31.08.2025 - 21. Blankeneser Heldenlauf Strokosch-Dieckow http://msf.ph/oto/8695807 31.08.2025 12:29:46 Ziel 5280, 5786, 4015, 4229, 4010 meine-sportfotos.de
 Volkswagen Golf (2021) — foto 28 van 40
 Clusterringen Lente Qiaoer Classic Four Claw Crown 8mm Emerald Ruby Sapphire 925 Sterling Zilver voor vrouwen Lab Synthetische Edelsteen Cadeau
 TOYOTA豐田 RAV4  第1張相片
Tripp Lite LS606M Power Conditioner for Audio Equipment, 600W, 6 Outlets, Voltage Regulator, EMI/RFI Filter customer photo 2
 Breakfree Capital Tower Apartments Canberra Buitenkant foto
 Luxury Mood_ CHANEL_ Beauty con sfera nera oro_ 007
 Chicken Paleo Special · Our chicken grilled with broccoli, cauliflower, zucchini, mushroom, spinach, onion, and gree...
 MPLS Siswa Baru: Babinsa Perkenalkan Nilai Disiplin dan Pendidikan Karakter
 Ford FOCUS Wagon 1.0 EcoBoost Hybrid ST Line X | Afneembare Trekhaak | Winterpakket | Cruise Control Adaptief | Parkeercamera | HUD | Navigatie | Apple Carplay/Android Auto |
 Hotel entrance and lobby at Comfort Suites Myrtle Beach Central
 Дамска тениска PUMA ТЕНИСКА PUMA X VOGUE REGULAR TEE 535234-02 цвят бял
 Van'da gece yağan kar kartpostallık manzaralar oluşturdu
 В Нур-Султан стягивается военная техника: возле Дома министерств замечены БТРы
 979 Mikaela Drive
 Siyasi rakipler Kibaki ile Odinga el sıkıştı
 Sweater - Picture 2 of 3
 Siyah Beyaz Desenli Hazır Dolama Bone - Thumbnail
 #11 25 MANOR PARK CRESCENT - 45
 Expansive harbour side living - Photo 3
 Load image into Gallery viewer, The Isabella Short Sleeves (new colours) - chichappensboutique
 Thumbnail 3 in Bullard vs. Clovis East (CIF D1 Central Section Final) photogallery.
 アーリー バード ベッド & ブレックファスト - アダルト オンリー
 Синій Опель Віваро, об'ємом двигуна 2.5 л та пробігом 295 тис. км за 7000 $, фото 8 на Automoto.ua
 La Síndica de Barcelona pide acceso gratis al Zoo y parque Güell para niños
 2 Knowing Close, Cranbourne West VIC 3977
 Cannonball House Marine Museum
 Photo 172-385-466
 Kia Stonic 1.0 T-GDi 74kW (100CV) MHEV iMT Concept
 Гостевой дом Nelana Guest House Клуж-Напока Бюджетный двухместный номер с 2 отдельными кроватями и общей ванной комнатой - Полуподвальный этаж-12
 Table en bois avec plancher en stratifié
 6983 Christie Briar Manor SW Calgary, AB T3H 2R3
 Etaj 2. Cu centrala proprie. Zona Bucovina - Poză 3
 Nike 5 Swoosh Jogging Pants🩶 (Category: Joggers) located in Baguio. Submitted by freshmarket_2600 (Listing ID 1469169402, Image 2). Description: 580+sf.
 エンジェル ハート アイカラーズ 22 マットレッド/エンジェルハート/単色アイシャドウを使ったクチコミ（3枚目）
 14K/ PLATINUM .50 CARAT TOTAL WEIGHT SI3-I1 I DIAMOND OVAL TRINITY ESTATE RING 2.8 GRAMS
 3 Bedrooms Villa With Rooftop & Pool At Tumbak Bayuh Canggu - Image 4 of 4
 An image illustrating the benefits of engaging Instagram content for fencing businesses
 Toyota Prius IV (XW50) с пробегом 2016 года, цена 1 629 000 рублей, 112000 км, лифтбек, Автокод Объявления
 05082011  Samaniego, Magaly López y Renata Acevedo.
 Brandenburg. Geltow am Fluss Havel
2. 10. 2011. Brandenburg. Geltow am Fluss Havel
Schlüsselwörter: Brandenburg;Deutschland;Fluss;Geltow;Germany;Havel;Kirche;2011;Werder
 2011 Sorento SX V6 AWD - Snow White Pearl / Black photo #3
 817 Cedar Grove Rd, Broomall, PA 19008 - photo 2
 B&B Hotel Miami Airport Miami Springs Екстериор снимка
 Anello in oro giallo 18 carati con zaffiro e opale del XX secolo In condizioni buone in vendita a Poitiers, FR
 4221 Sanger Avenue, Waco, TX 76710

────

* _How to complete this task_
Tally the lines above containing "Havel". Number only.

* _Exercise output_
3